例えば、市場原理を支えるものに情報の対称性があって、価値のある事業でも市場で知られていなければ承継者が出てこない。普通は、どの事業者にも広範囲に及ぶ取引先があるので、そうした問題は起こり得ないはずだが、取引先の範囲が非常に狭い個人事業主等の場合にはあり得ることで、そこに情報の流通を促す工夫等の諸施策が必要になる。

また、取引費用が大きすぎても、市場原理は働かない。つまり、承継の条件として、大きな追加投資が求められる場合や、逆に、一部の事業の整理等が必要で、それに伴って大きな損失の計上等が見込まれる場合には、承継されるべき価値を内包する事業でも、承継は簡単でなくなるから、費用の合理化等のための諸施策が講じられなければならないのである。

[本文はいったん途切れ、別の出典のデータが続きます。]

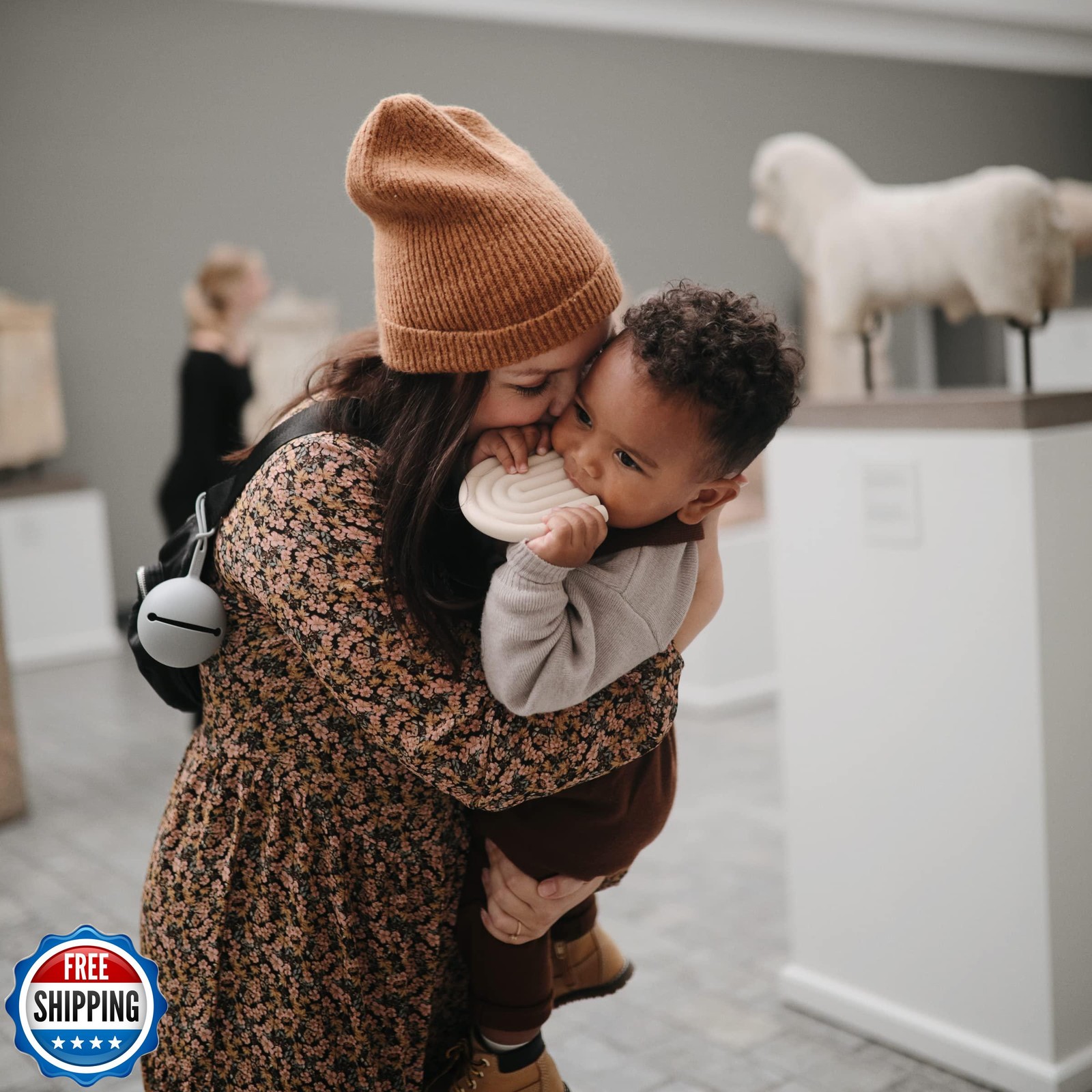 mushie Silicone Baby Teether Toy | Rainbow (Shifting Sand)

更には、成長性の欠如も、市場原理が働かない理由になっている可能性がある。成長性のない事業は、事業が継続している限り、価値をもつにしても、承継という不連続な手続きにおいて、保守主義の原則のもとで、清算価値が市場価値として評価されれば、無価値か、むしろ負の価値になる場合が多いと考えられるのである。

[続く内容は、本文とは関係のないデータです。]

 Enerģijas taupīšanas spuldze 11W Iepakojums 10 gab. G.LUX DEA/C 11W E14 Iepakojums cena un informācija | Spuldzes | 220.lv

もっとも、低廉な簿価で優良な不動産を所有している場合は別である。事業所が所在する場所の周辺環境が大きく変化することで、継続している事業の価値よりも、保有している土地の価値のほうが高くなることは珍しくない。この場合は、市場原理の素直な働きとして、承継者の立場からいえば、事業を継続しないほうが合理的となり、不動産だけを承継することになるはずだから、不動産の取引にはなっても、事業承継にはならない。

こうして、事業承継は解き難い問題となるのである。